Directions:
Only the text should come through, so restate the listing exactly and drop its images.

Input data:

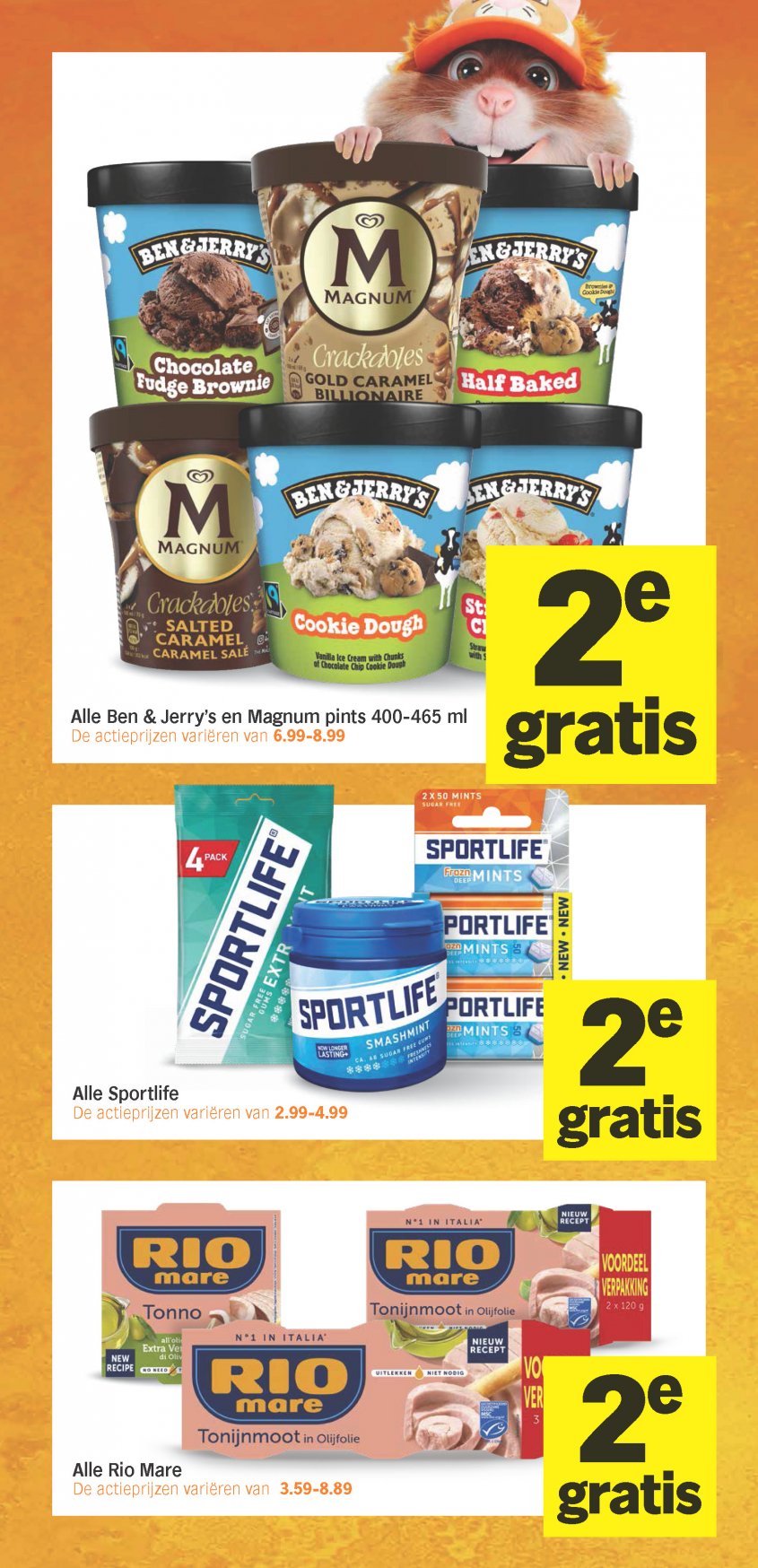 Albert Heijn Aanbiedingen van 08-06-2026 pagina.9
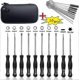 thumbnail image 1 of 10pcs Carburetor Adjusting Tools 10 Pcs Carburetor Screwdriver Set, 1 of 5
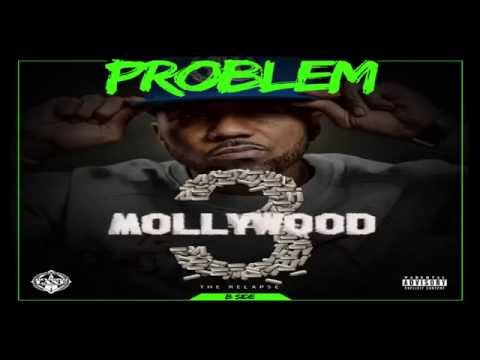 02 - Show Off feat Manolo Rose Bad Lucc [Produced by Problem] (DatPiff Exclusive)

Solution to this exercise:
 Albert Heijn Aanbiedingen van 08-06-2026 pagina.9
 thumbnail image 1 of 10pcs Carburetor Adjusting Tools 10 Pcs Carburetor Screwdriver Set, 1 of 5
 02 - Show Off feat Manolo Rose Bad Lucc [Produced by Problem] (DatPiff Exclusive)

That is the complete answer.